Séparer les questions de la guerre et du “changement
de régime”
Diana Johnstone
L'opposition à la guerre est une lutte dans et pour
notre propre société
La position exprimée par les Américains contre
la guerre (AAW) est extrêmement importante. Permettez-moi de faire quelques
observations pour la soutenir.
1 – Chaque guerre
lancée par les Etats-Unis est soutenue par certains groupes d'opposants
dans le pays attaqué. Leurs revendications sont utilisées par
les dirigeants américains pour justifier la violation du droit international
au nom des "droits de l'homme". Le "changement du régime"
– soi-disant au nom de la démocratie – est devenu une justification
de choix pour les guerres américaines.
Dans ces circonstances, il est impératif de séparer la lutte contre
la guerre de la question du "changement de régime". Le changement
du régime est l'affaire du peuple qui habite le pays, et de personne
d'autre. Nous ne sommes pas qualifiés pour décider de la "démocratie"
des autres. Nous sommes opposés à l'ingérence dans les
affaires des autres pays.
Nous autres Américains avons l'expérience malheureuse de tant
de groupes d'exilés, depuis le "lobby chinois" des années
1950-60 jusqu'à Chalabi et compagnie, en passant par les exilés
cubains, qui ont aidé à renforcer le gouvernment des Etats-Unis
dans sa prétension arrogante d'être le "sauveur" du monde
entier, dans son refus de la diplomatie et du compromis, et dans sa prédilection
pour les mesures de coercition, de sanctions et de guerre. Nous sommes contre
la guerre, mais aussi contre les sanctions, qui peuvent n'être que le
premier pas vers la guerre.
L'exception qui permet de tester la régle a été fourni
par la République de l'Afrique du Sud à l'époque de l'apartheid.

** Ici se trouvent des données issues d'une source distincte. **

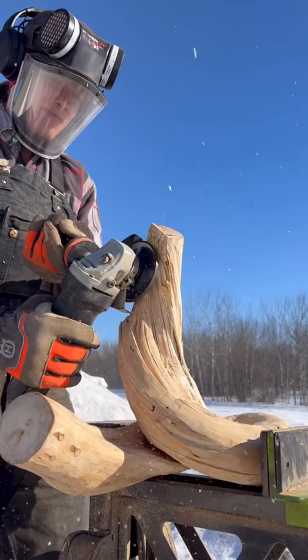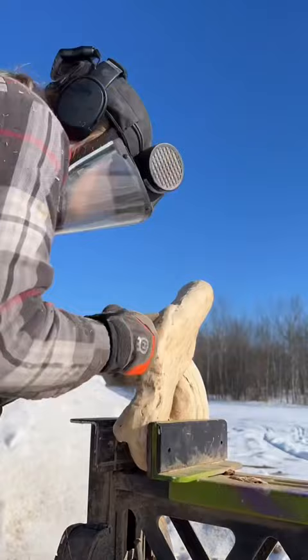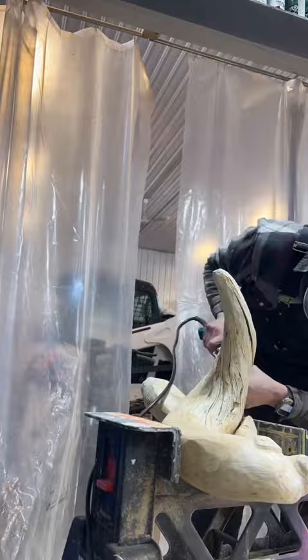Here's a little update about my progress so far on this twisted tree that I found. I'm using a turbo plane by Arbortech to shape and smooth some of the surface. And then I'm using my die grinder with a cut-all burr bit to just start roughing out some placement of the features.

Cette république faisait partie de l'Occident, et son régime d'apartheid
était le produit direct du colonialisme européen en Afrique. L'Occident
avait donc une responsabilité particulière dans le maintien de
l'apartheid et un devoir particulier d'y mettre fin. Les sanctions contre la
RAS exprimaient l'évolution anti-raciste de l'Occident. Elles étaient
purement économiques. Elles ne constituaient pas une menace de guerre,
car jamais il n'a été question de faire la guerre à l'Afrique
du Sud.
Rien à voir donc avec les sanctions contre Cuba, accompagnées
d'une tentative d'invasion et d'assassinats manqués, visant à
détruire un système économique contraire aux intérêts
américains, ou aux sanctions contre l'Irak, qui faisaient partie de mesures
de guerre, et qui culminèrent avec l'invasion et l'occupation militaire
qui ont laissé le pays en ruines.
Demander à nous, citoyens de l'Occident, de "soutenir
l'opposition démocratique" en Iran n'a aucun sens. Primo, nous ne
sommes pas capable de juger qui est l'opposition véritablement "démocratique".
Secondo, notre "soutien" serait inexistant dans les faits. Nous n'avons
aucun moyen de soutenir qui que ce soit. Ce n'est que nos gouvernements qui
ont les moyens, moyens que nous connaissons: sanctions et guerre. Mais notre
lutte est précisémént une lutte contre l'utilisation de
ces moyens sous quelque prétexte que ce soit.
2 – Notre lutte
porte sur la nature, je dirais même l'âme, de nos propres sociétés.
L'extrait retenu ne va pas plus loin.